The article draws on a paper in Higher Education Research and Development authored by Golding, Sharp and Twining and entitled ‘Awarding digital badges: research from a first-year university course.’ It was published online in March this year.

What is a digital badge?

Digital badges are a type of digital credential and are an evolution of our traditional physical credentials. Digital badges are one type of digital credentials alongside digital certificates. They are pictorial and use shapes, colours, banners, icons and fonts to represent the credential award. They also serve as digital proof of an individual’s competences. As such, they offer easy and instant verification from the dedicated digital credential page through which third-parties such as potential employers and recruiters can verify someone’s abilities and gain a deeper understanding of what they know and can do. The accompanying metadata of a digital badge enables issuers to use them for both formal and informal purposes. Often they are used as records of attainment for short courses or micro credentials, or to maybe to certify significant elements of a larger course.

For universities it’s been argued in the paper “that moving away from awarding marks and towards competency-based digital badges had the potential to enhance the student experience with respect to both motivation and engagement with feedback.”

What Stephen’s article talks about

Heather Sharp and her colleagues from the University of Newcastle found that while digital badges had considerable potential to improve the student experience in terms of engagement with feedback, motivation and reducing ‘grade anxiety’, delaying the awarding of marks caused significant student anxiety. The study found good reasons to award digital badges in the initial teacher education course they researched. The authors awarded multiple badges for each of three assessments in a course and tested awarding badges with and without marks.

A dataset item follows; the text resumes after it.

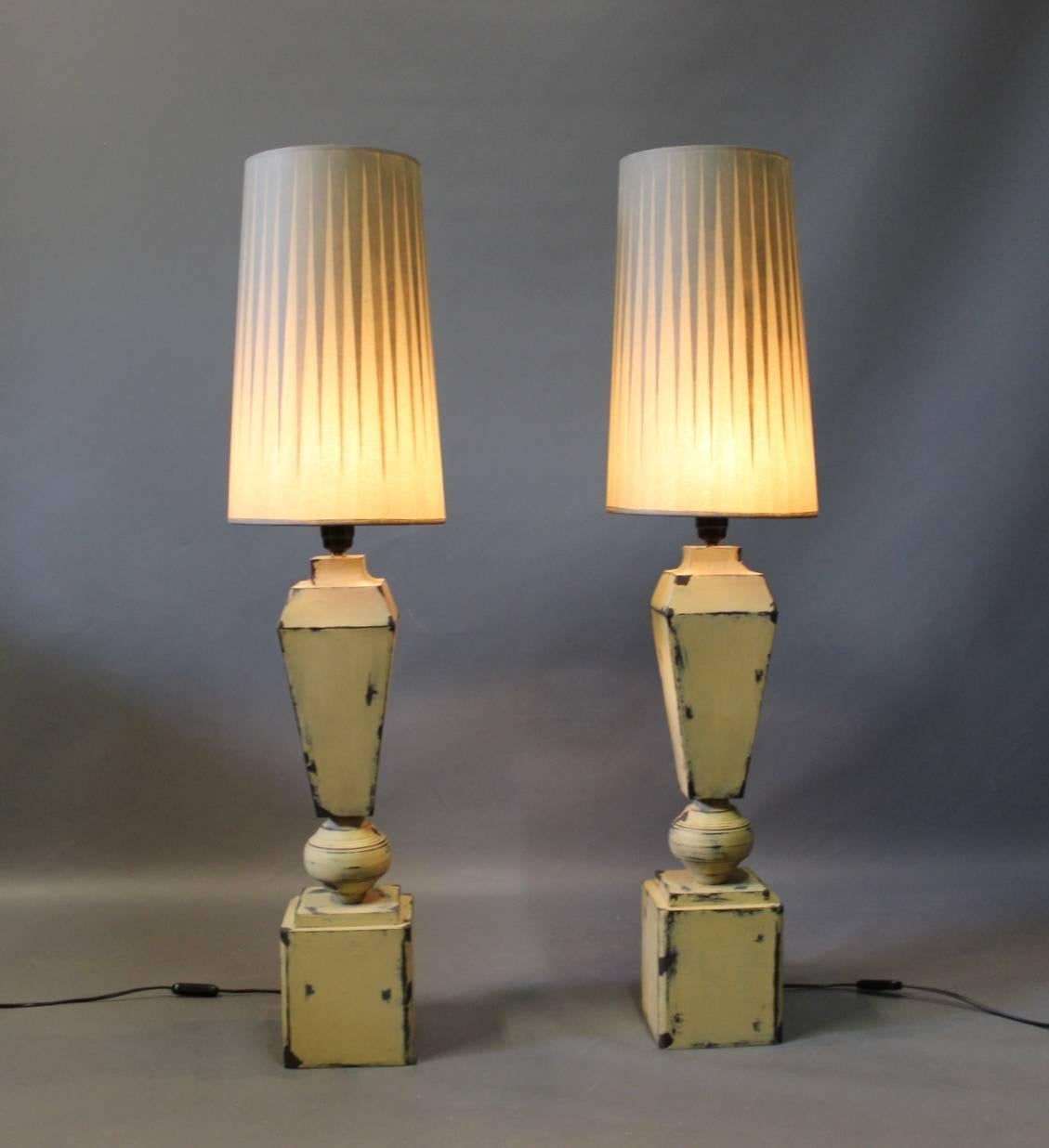 Tall tablelamps of painted metal with grey lamp shades of an unknown designer. The lamps are from around the 1960s.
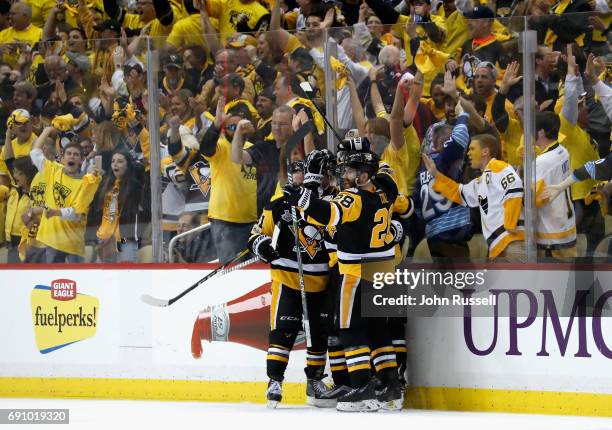 Fans cheer as Evgeni Malkin of the Pittsburgh Penguins celebrates his goal with teammates during the third period of Game Two of the 2017 NHL Stanley...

On the positive side, they found that badges improved student engagement with feedback. In addition, they found digital badges “contribute to a more comprehensive and fine-grained record of students’ achievements … that summarises the competencies that have been achieved …and the context in which they have been demonstrated.” The badges also helped promote a more constructive alignment between university-based assessment tasks and external professional standards frameworks.

There are negatives, though. They found that “delaying the awarding of marks caused significant student anxiety” and no marks made students unsure about performance. On balance, therefore, the study found that the intervention had more perceived negative than positive effects on students.

What they learnt from the process

Stephen’s article, and the research, report that:

  1. If you use badges on assignments drop marks altogether, but
  2. Explain to students what the badges are for.
  3. Badges are not a substitute for written feedback.
  4. A badge framework can align assessments and are important for both students and staff, and
  5. Having a map of badges or badge tree is valuable so students are able to track their progress, reflect on their performance, and contextualise the various assessments.

The key takeout is that you need to do it right or not at all. It’s noted that the benefits of using digital badges “can be eclipsed by student anxiety and dissatisfaction if the badging system is not optimally conceptualised and executed, especially given the constraints associated with traditional assessment modes.”